L’odissea di un 44enne, processato per atti osceni davanti a due ragazzine. Ma la scatola nera dell’assicurazione ha dimostrato che la Bmw era a casa

Una storia che ha dell'incredibile (foto Ansa)

Una storia che ha dell'incredibile (foto Ansa)

Firenze, 31 marzo 2024 – Era stato additato come il maniaco sessuale che all’uscita di una scuola media si era abbassato i pantaloni davanti a due ragazzine. Ma le indagini nei suoi confronti si erano attivate in seguito a un grande equivoco di fondo: e cioè che il soggetto che avrebbe molestato due studentesse di dodici anni era poi salito su un’auto come la sua. Ma non era appunto la sua Bmw e quindi neanche lui: lo ha dimostrato con le sue indagini difensive l’avvocato Francesca Pecchioli.

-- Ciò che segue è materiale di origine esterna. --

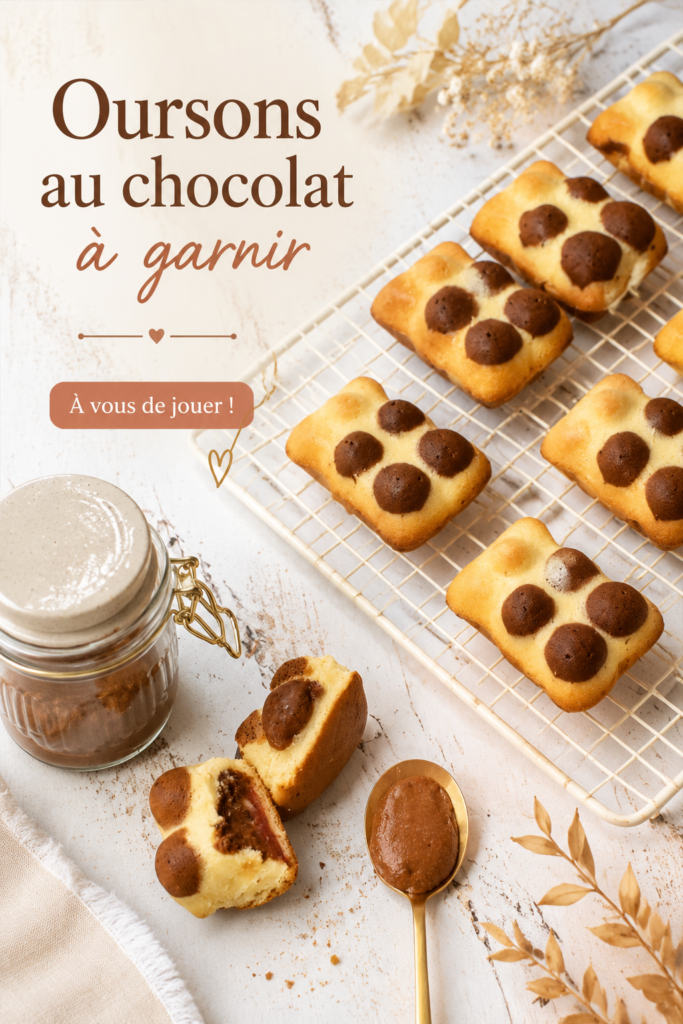 Oursons en chocolat garnis de confiseries colorées sur une table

Fondamentale - e provvidenziale - è stato l’antifurto satellitare montato dall’assicurazione sulla Bmw station wagon dell’imputato, che ha dimostrato che quel giorno era da tutt’altra parte.

Ma nonostante l’equivoco, l’uomo, fiorentino, oggi 44enne, ha dovuto affrontare un procedimento lungo quasi cinque anni, da imputato di atti osceni in luogo pubblico. Conclusosi con l’assoluzione con formula piena, ovvero per non aver commesso il fatto, pronunciata dal giudice Virginia Mazzeo. Ma com’è stato possibile tutto questo? L’episodio contestato è avvenuto il 30 settembre del 2019, nella zona di via Baccio da Montelupo. Quel giorno una mamma va a prendere la propria figlia a scuola. La ragazzina, e una sua amica, arrivano alla macchina spaventate: un uomo le ha avvicinate e davanti a loro si è abbassato i pantaloni, mostrando i genitali. La mamma nota una station wagon che si allontana. Non riesce a prendere la targa, ma tre giorni dopo, sempre andando a prendere la figlia a scuola, vede passare una station wagon ed è sicura che sia quella con cui il maniaco sessuale era scappato. Si annota la targa, la trasmette alle forze dell’ordine assieme a una denuncia per quanto accaduto alla figlia e alla sua compagna di scuola.

Dalla targa, la procura risale al proprietario dell’auto. Che viene indagato, rinviato a giudizio, e processato. “Solamente grazie alle indagini difensive svolte e consegnate al dibattimento è emerso che la macchina del mio assistito il giorno dei fatti, non solo non si trovava nei pressi di dove si sarebbe verificato l’accaduto, ma addirittura non si era mai mossa da casa - commenta l’avvocato Pecchioli -. Tutto ciò grazie alla scatola nera con dispositivo satellitare installato sulla macchina da parte della compagnia assicuratrice. Sono felice e c’è soddisfazione perché è stata accertata l’estraneità dai fatti del mio assistito e da un’accusa così infamante con cui il mio cliente - conclude - ha dovuto convivere per anni".